This directory contains Grafana dashboard definitions for monitoring NVIDIA GPUs in Kubernetes environments. The dashboards use Prometheus as the data source and leverage the DCGM Exporter metrics.
- File:
Nvidia_GPU_Per_Device_Dashboard.json
- Purpose: Detailed monitoring of individual GPU metrics
- Key Metrics: GPU utilization
- Target Users: Data scientists, ML engineers, and administrators who need to monitor specific GPUs
- File:
System_and_GPU_Dashboard.json
- Purpose: Combined view of system resources (CPU, memory) alongside GPU metrics
- Key Metrics: CPU utilization, memory usage, GPU utilization, GPU memory usage
- Target Users: System administrators and DevOps engineers who need a comprehensive view of both system and GPU resources
- File:
Nvidia_GPU_Advanced_Metrics_Dashboard.json
- Purpose: Detailed technical metrics about GPU performance and health
- Key Metrics: GPU temperature, power usage, memory clock, SM clock
- Target Users: System administrators and performance engineers who need to monitor GPU health and performance characteristics
- Kubernetes cluster with GPUs
- Prometheus installed and configured
- DCGM Exporter deployed to expose NVIDIA GPU metrics
- Grafana deployed and connected to Prometheus
- Import these dashboard JSON files into your Grafana instance:
- Navigate to Dashboards > Import in the Grafana UI
- Upload the JSON file or paste its contents
- Select your Prometheus data source
- Click Import
All dashboards use the following variables:
$gpu
: Allows filtering by specific GPU devices
If metrics are not displaying correctly:
- Verify that DCGM Exporter is running and exposing metrics
- Check that Prometheus is scraping the DCGM Exporter endpoint
- Confirm that the metric names match those in the dashboard queries (metric names can vary slightly between DCGM Exporter versions)

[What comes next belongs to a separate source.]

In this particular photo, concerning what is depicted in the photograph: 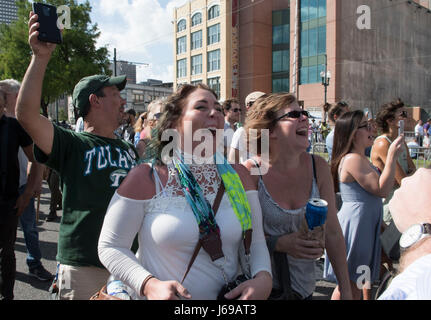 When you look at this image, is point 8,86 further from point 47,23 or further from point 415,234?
point 415,234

Feel free to customize these dashboards to fit your specific monitoring needs. Some suggestions:
- Add alerts for critical thresholds
- Adjust time ranges for historical analysis
- Add additional metrics specific to your workloads
- Customize visualization styles and thresholds
Common DCGM metrics used in these dashboards:
DCGM_FI_DEV_GPU_UTIL
: GPU utilization (%)DCGM_FI_DEV_GPU_TEMP
: GPU temperature (°C)DCGM_FI_DEV_POWER_USAGE
: Power usage (W)DCGM_FI_DEV_FB_USED
: Framebuffer memory used (MiB)DCGM_FI_DEV_FB_FREE
: Framebuffer memory free (MiB)DCGM_FI_DEV_MEM_CLOCK
: Memory clock frequency (MHz)DCGM_FI_DEV_SM_CLOCK
: SM clock frequency (MHz)